Wednesday 27 April 2011

European Literature Night

I've been away over Easter doing mainly non-German-book-related things. But while I was at it I met the gregarious British journalist and fellow foreign literature missionary Rosie Goldsmith, who was wearing a lovely ring shaped like a big pink rose. We were at the London launch of Dalkey Archive Press's Best European Fiction 2011, where free wine was served in thimbles and I didn't say hello to editor Aleksandar Hemon, even though he seemed eminently approachable. That was partly because I'd cleverly invited more people to come along than I could actually talk to in one go. And also possibly because the thimbles of wine ran out very quickly.

Anyway, the gregarious British journalist with impeccable jewellery taste and a foreign literature mission Rosie Goldsmith was evangelising - as well she might - about European Literature Night. She's presenting the London event - one of 18 consecutive presentations across Europe on 11 May. Information is slightly sparing on the official website, but the British Library tells us the London night will feature "six superlative writers of fiction and poetry, both emerging and established: Emil Hakl (Czech Republic), Nora Ikstena (Latvia), Anna Kim (Austria), Peter Terrin (Flanders) and Bożena Umińska-Keff (Poland)."

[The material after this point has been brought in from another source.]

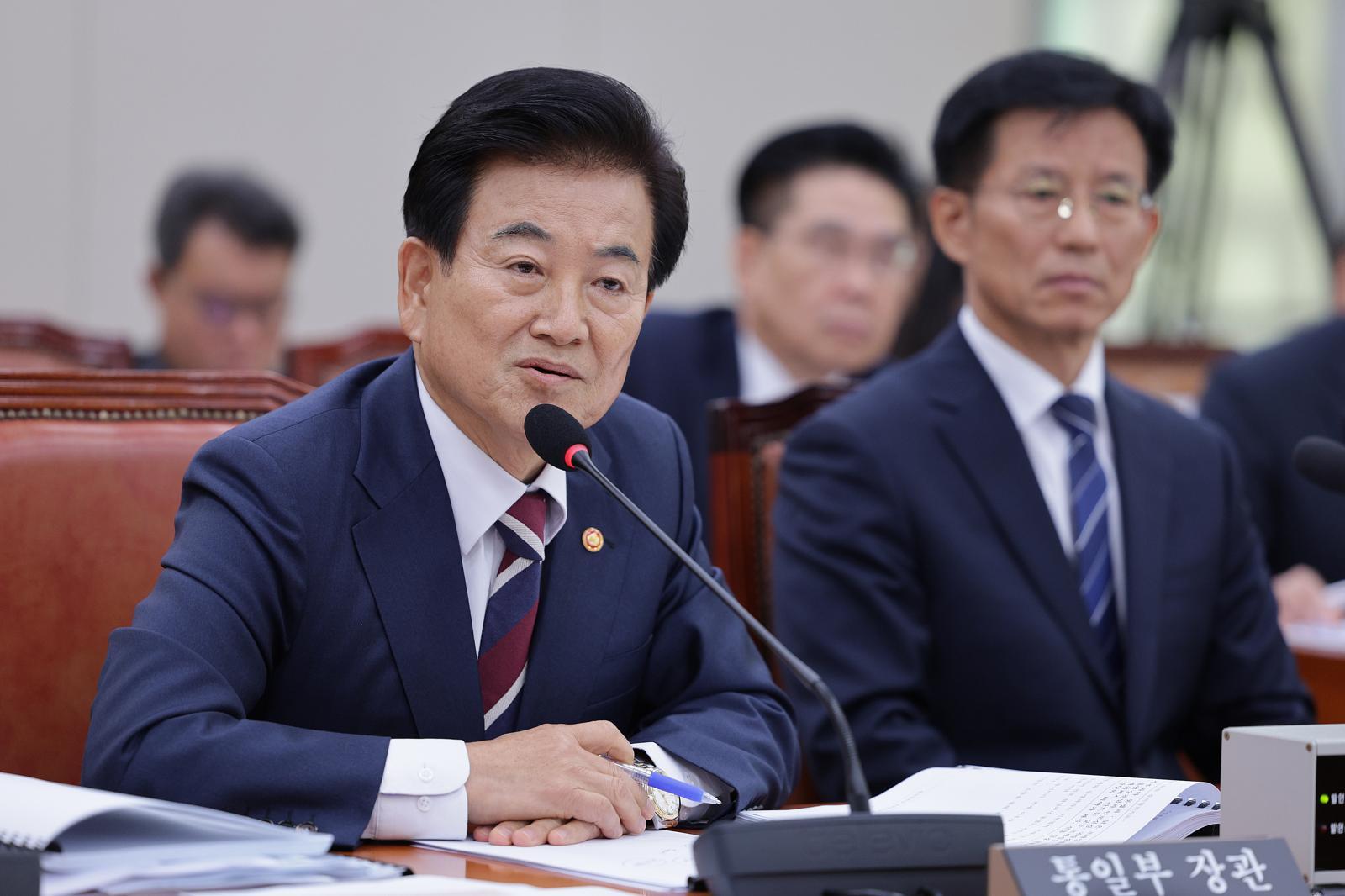 정동영 통일부 장관이 14일 서울 여의도 국회 외교통일위원회에서 열린 통일부 등에 대한 국정감사에서 의원 질의에 답변하고 있다. 2025.10.14/뉴스1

Now I let out a little cry of delight at seeing Anna Kim's name on the bill (remember those thimbles - I wasn't sober). Because I've had dealings with the delightful Anna in the past and I didn't even know that her excellent novel Frozen Time had been translated! Ariadne Press, Austria specialists, brought it out last year in Mike Mitchell's translation. The book is beautifully written and shocking stuff, looking at war crimes in Kosovo and what they did to those involved and those on the periphery. As far as I can remember.

So please do go along and be delighted and stimulated by the readings and conversation, as they say. Or indeed attend one of the other seventeen events elsewhere. I'm a little skeptical about the actual benefit of holding readings in eighteen different places at once, but I suppose at the very least it raises a bit of a buzz and saves on separate websites.